On Friday, yet another centrist group, No Labels, began airing an advertisement backing Representative Henry Cuellar of Texas, one of the nine holdouts on the budget who is being challenged by a young liberal, Jessica Cisneros, in the upcoming primary season. The ad extols him for “fighting for the Biden agenda,” though arguably he is now trying to hold much of it up.

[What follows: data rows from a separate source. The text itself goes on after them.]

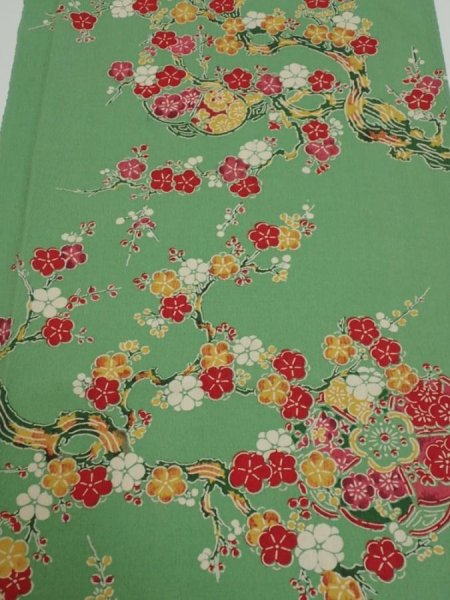 Photo1: 2W01z80 Vintage Japanese Kimono Silk  FABRIC Plum tree Light green 47.2x14.6 (1)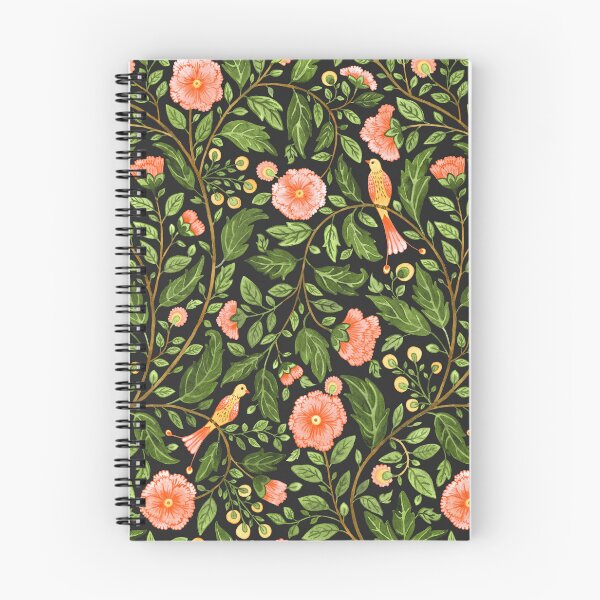 Item preview, Dark Botanical Birds & Flowers Cottagecore Pattern designed and sold by GabrielleStudio.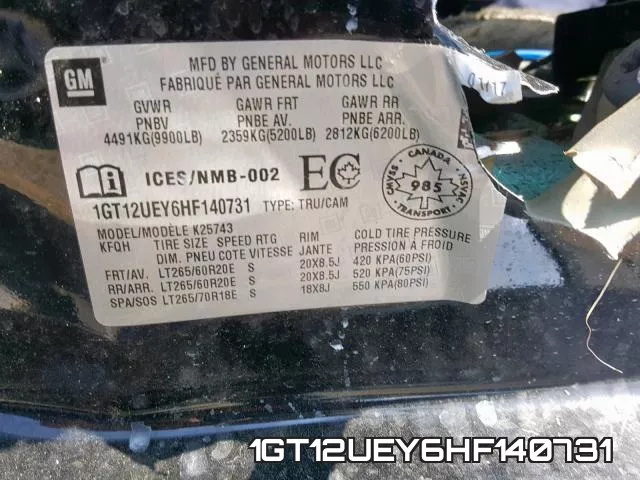 1GT12UEY6HF140731 фото 2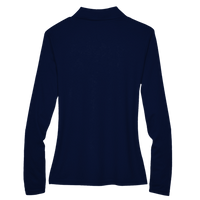 Core 365 Women's Pinnacle Performance Long Sleeve Piqué Polo, Classic Navy, Back view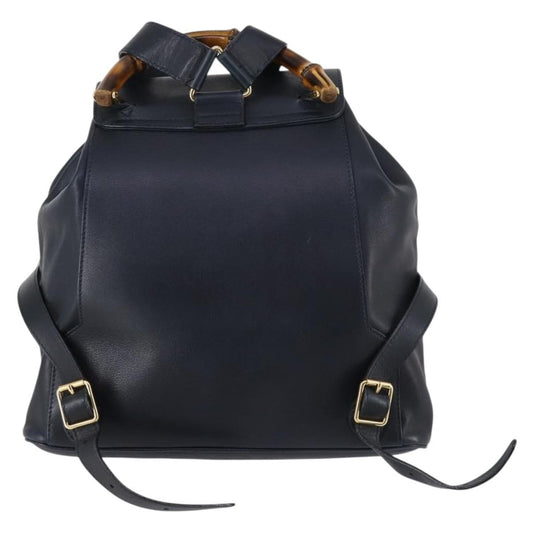 Gucci Vintage Bamboo Backpack Leather, NAVY, LEATHER, Backpack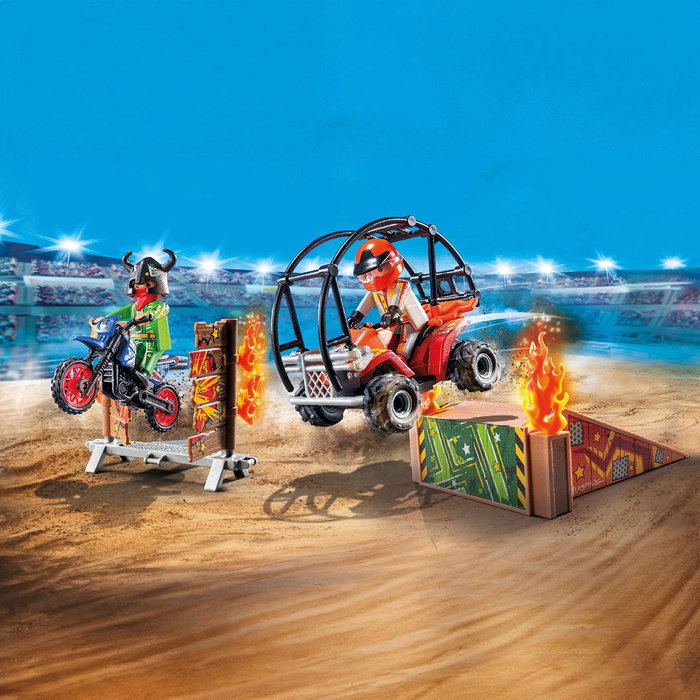 Playmobil Stunt Show 71808 - Duo de cascadeurs avec quad et moto
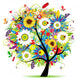 Floral tree beautiful Wall Decal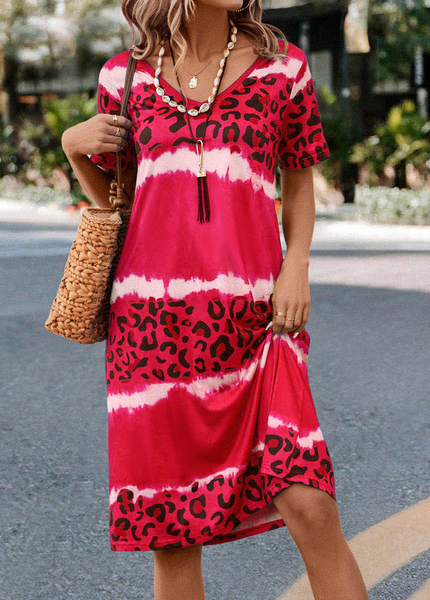 

Women Contrast Stitching Summer Dress V Neck Short Sleeve A-Line Dress, Red, Dresses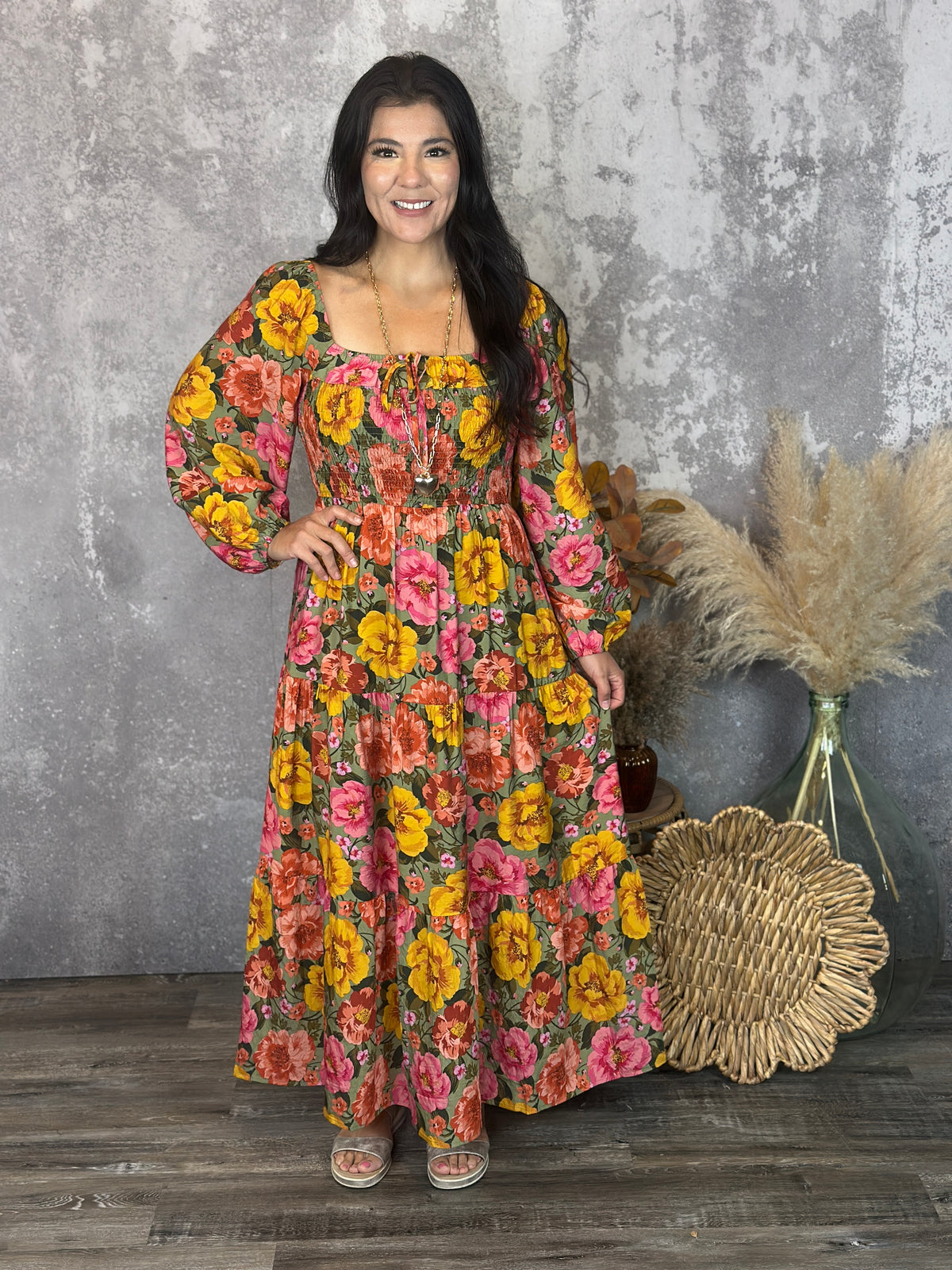 Mustard Olive Floral Maxi Dress (Small - 3X)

The idea, moderates say, is to inoculate the party from slogans like Defund the Police that were effectively used against swing-district Democrats in November, and stop progressive gains before divisions in the Democratic Party grow as deep as they have been in the Republican Party. The issue is more about tone and cooperation than ideology, said Mark S. Mellman, a longtime Democratic strategist and pollster, who helped found the Democratic Majority for Israel and its political action committee.

“There’s nothing revolutionary about ‘Medicare for all,’ moving to a clean energy economy, a $15 minimum wage,” he said. “There’s a lot of consistency around the general direction of policy. But the rhetoric is different.”

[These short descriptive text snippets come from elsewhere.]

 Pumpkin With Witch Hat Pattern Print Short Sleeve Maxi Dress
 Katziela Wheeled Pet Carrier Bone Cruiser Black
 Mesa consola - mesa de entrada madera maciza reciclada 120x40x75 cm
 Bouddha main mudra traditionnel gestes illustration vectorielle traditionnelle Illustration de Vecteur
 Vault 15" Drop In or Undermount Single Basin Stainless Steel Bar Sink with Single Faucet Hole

The efforts have left liberals feeling aggrieved and worried that the Democratic establishment is actually hurting the party — by sapping the vital energy of younger voters. Young liberals like Representatives Alexandria Ocasio-Cortez and Jamaal Bowman not only defeated Democratic stalwarts to win their seats in New York, but they have captured the imagination of the next generation, said Waleed Shahid, a spokesman and strategist for Justice Democrats, which promotes insurgent progressive candidates.

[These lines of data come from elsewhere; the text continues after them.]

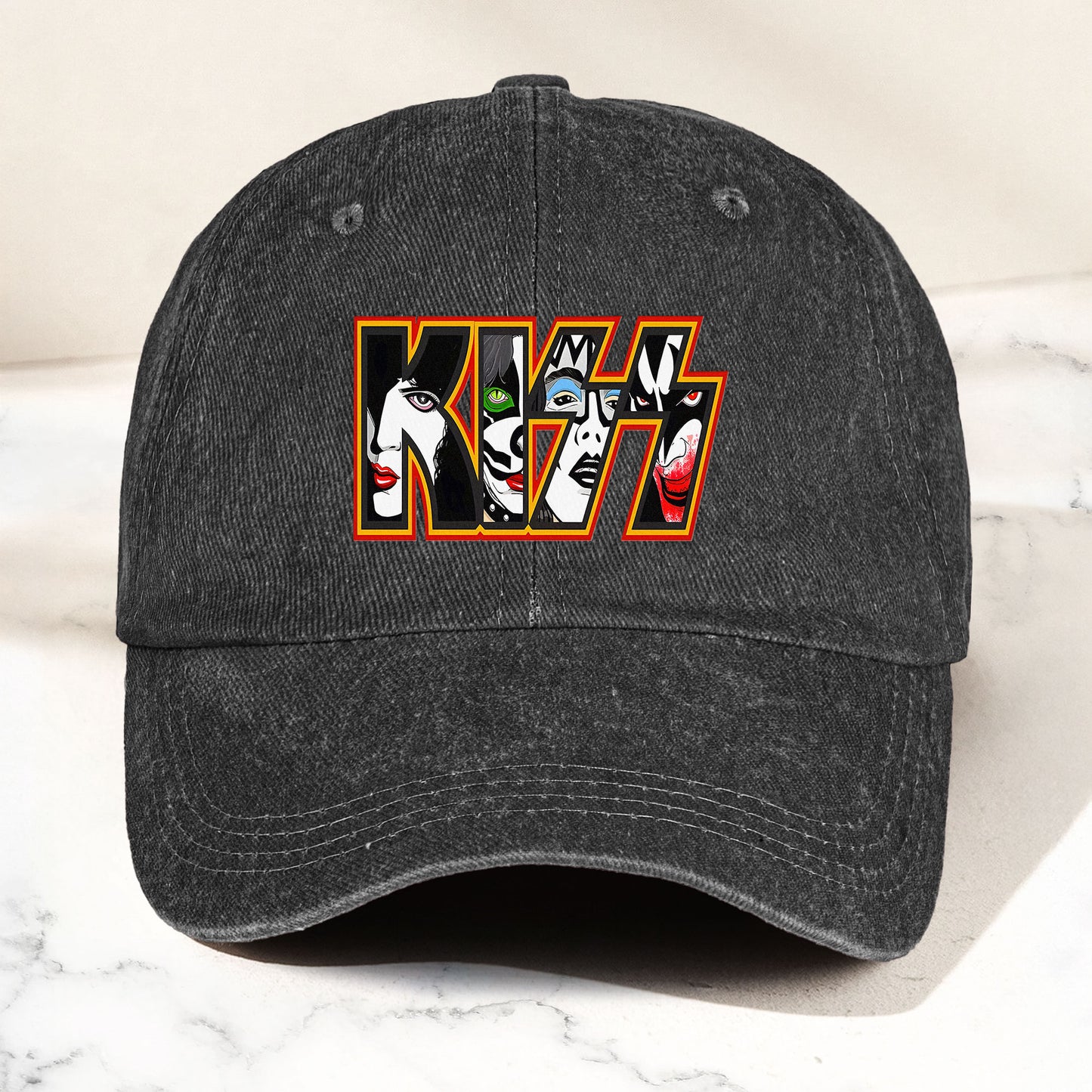 KISS Denim Dad Cap – Iconic Face Collage Logo Design ( With BOX)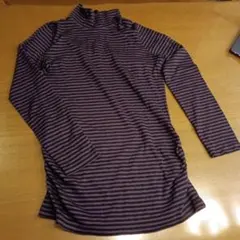 紫と黒のストライプ ハイネックカットソー　コムサ・デ・モード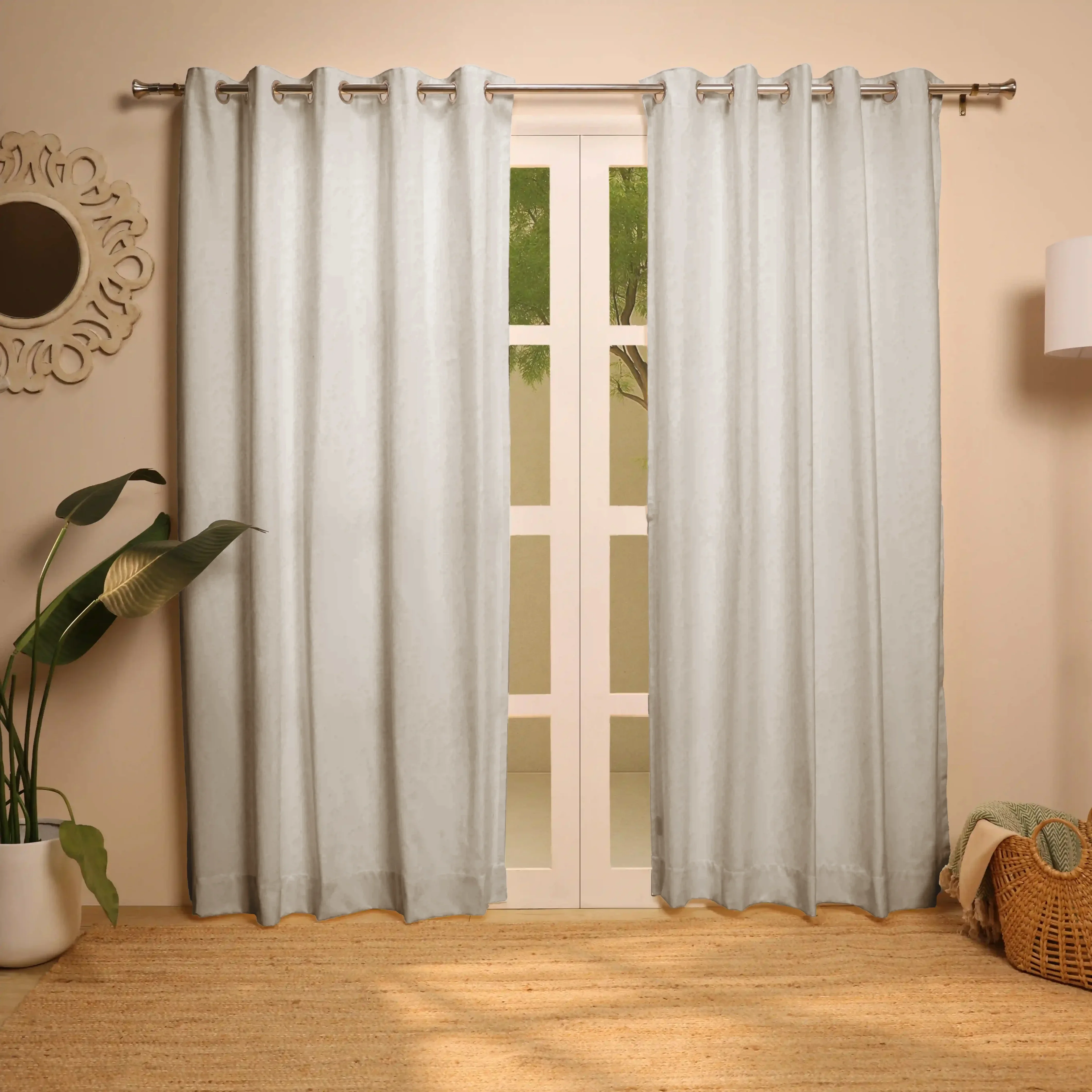 Paleto Set Of 2 Solid Readymade Curtains | Neutral Notes - Image 15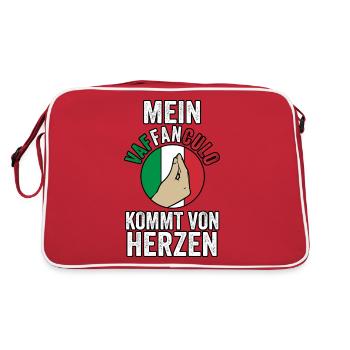 Italien Italiener Vaffanculo - Retro Tasche - Rot/Weiß - Hinten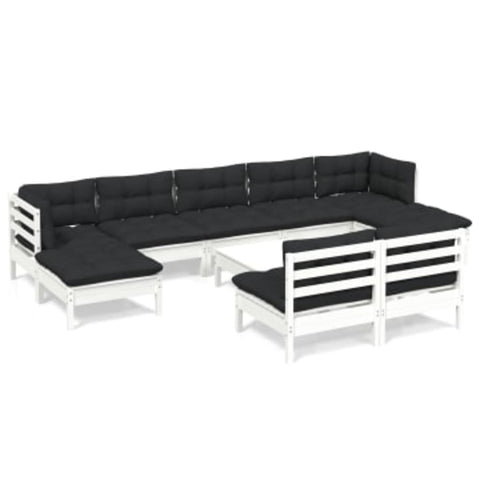 10-tlg. Garten-Lounge-Set mit Kissen Weiß Kiefernholz - kalb-Living.de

“The future of the party looks a lot more like A.O.C. than Joe Biden,” he said.

The establishment’s efforts are showing results. One of the left’s political heroes, Nina Turner, lost a House special election primary in Cleveland this month, after Representative James E. Clyburn of South Carolina, the most senior African American in Congress, and Mr. Mellman’s group swooped in to prop up a little-known but more conciliatory candidate, Shontel Brown. In New Orleans, the favored progressive candidate in the race to replace Representative Cedric Richmond, who joined the Biden White House, also lost.

Liberals say the moderates, not the progressives, are now the ones standing in the way of Mr. Biden’s agenda, by provoking the House’s stalemate and threatening the social policy bill in the Senate.